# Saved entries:
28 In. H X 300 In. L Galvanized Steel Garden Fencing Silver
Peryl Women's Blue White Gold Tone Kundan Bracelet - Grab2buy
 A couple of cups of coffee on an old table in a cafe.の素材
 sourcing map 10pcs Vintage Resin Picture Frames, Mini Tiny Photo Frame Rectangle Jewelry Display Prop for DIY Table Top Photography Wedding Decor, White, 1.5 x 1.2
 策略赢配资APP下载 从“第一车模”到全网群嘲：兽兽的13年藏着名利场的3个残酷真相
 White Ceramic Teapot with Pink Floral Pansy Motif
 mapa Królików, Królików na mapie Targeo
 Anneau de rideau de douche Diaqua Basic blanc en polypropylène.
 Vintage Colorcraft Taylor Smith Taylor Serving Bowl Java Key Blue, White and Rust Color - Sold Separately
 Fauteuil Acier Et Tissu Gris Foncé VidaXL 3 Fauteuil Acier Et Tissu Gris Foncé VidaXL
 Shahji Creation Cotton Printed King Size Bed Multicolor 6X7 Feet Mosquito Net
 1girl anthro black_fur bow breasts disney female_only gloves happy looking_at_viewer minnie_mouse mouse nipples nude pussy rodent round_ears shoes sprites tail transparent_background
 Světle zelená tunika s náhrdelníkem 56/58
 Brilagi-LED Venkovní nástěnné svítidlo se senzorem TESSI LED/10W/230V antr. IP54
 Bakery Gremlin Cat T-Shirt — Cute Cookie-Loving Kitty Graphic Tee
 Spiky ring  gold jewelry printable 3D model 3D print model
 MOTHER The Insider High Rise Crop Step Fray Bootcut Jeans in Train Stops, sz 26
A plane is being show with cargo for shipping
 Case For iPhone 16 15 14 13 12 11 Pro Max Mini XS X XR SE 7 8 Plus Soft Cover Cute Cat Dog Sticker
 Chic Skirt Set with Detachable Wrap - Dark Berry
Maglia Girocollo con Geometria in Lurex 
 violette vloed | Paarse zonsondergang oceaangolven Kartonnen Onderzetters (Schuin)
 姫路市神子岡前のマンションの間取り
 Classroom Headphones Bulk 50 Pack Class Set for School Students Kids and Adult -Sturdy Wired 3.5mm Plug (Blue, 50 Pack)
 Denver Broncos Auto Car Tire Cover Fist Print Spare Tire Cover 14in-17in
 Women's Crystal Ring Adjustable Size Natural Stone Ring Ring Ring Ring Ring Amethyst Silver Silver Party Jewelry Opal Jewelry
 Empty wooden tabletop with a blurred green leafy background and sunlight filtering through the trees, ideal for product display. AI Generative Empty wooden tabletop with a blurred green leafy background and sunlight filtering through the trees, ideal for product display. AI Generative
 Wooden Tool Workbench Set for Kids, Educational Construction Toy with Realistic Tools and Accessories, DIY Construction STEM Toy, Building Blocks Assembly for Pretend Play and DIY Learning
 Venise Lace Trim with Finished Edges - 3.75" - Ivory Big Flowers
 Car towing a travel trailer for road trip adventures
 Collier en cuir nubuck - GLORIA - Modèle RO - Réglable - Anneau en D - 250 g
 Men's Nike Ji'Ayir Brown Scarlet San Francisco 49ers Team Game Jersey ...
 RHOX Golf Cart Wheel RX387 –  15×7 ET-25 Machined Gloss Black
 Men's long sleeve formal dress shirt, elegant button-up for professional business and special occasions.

# About this task:
What is needed is an exact copy of the entries from their first line down to the line with "Women's Crystal Ring", that line included, and nothing beyond it.

# Result of the task:
28 In. H X 300 In. L Galvanized Steel Garden Fencing Silver
Peryl Women's Blue White Gold Tone Kundan Bracelet - Grab2buy
 A couple of cups of coffee on an old table in a cafe.の素材
 sourcing map 10pcs Vintage Resin Picture Frames, Mini Tiny Photo Frame Rectangle Jewelry Display Prop for DIY Table Top Photography Wedding Decor, White, 1.5 x 1.2
 策略赢配资APP下载 从“第一车模”到全网群嘲：兽兽的13年藏着名利场的3个残酷真相
 White Ceramic Teapot with Pink Floral Pansy Motif
 mapa Królików, Królików na mapie Targeo
 Anneau de rideau de douche Diaqua Basic blanc en polypropylène.
 Vintage Colorcraft Taylor Smith Taylor Serving Bowl Java Key Blue, White and Rust Color - Sold Separately
 Fauteuil Acier Et Tissu Gris Foncé VidaXL 3 Fauteuil Acier Et Tissu Gris Foncé VidaXL
 Shahji Creation Cotton Printed King Size Bed Multicolor 6X7 Feet Mosquito Net
 1girl anthro black_fur bow breasts disney female_only gloves happy looking_at_viewer minnie_mouse mouse nipples nude pussy rodent round_ears shoes sprites tail transparent_background
 Světle zelená tunika s náhrdelníkem 56/58
 Brilagi-LED Venkovní nástěnné svítidlo se senzorem TESSI LED/10W/230V antr. IP54
 Bakery Gremlin Cat T-Shirt — Cute Cookie-Loving Kitty Graphic Tee
 Spiky ring  gold jewelry printable 3D model 3D print model
 MOTHER The Insider High Rise Crop Step Fray Bootcut Jeans in Train Stops, sz 26
A plane is being show with cargo for shipping
 Case For iPhone 16 15 14 13 12 11 Pro Max Mini XS X XR SE 7 8 Plus Soft Cover Cute Cat Dog Sticker
 Chic Skirt Set with Detachable Wrap - Dark Berry
Maglia Girocollo con Geometria in Lurex 
 violette vloed | Paarse zonsondergang oceaangolven Kartonnen Onderzetters (Schuin)
 姫路市神子岡前のマンションの間取り
 Classroom Headphones Bulk 50 Pack Class Set for School Students Kids and Adult -Sturdy Wired 3.5mm Plug (Blue, 50 Pack)
 Denver Broncos Auto Car Tire Cover Fist Print Spare Tire Cover 14in-17in
 Women's Crystal Ring Adjustable Size Natural Stone Ring Ring Ring Ring Ring Amethyst Silver Silver Party Jewelry Opal Jewelry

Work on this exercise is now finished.